WORK REQUIRED: Any picture in the data below should be skipped, while every line is repeated exactly.

STORED DATA:
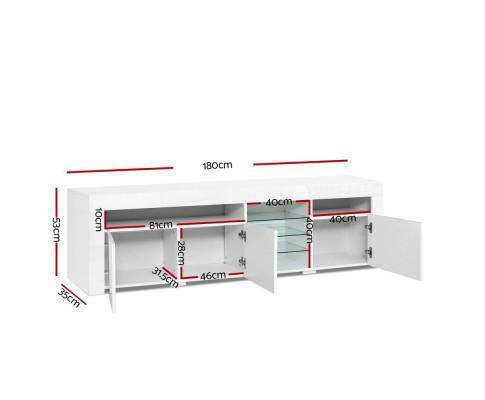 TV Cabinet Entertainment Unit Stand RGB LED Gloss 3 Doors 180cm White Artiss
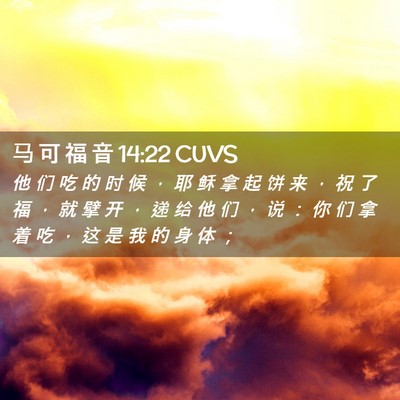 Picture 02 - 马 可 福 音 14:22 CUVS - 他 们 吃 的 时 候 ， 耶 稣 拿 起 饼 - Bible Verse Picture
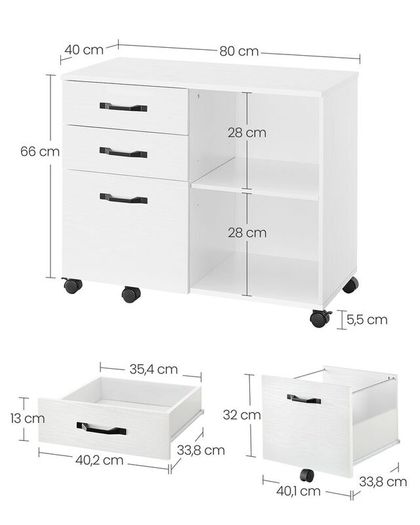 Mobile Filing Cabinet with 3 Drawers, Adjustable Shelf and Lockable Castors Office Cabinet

ANSWER BELOW:
 TV Cabinet Entertainment Unit Stand RGB LED Gloss 3 Doors 180cm White Artiss
 Picture 02 - 马 可 福 音 14:22 CUVS - 他 们 吃 的 时 候 ， 耶 稣 拿 起 饼 - Bible Verse Picture
 Mobile Filing Cabinet with 3 Drawers, Adjustable Shelf and Lockable Castors Office Cabinet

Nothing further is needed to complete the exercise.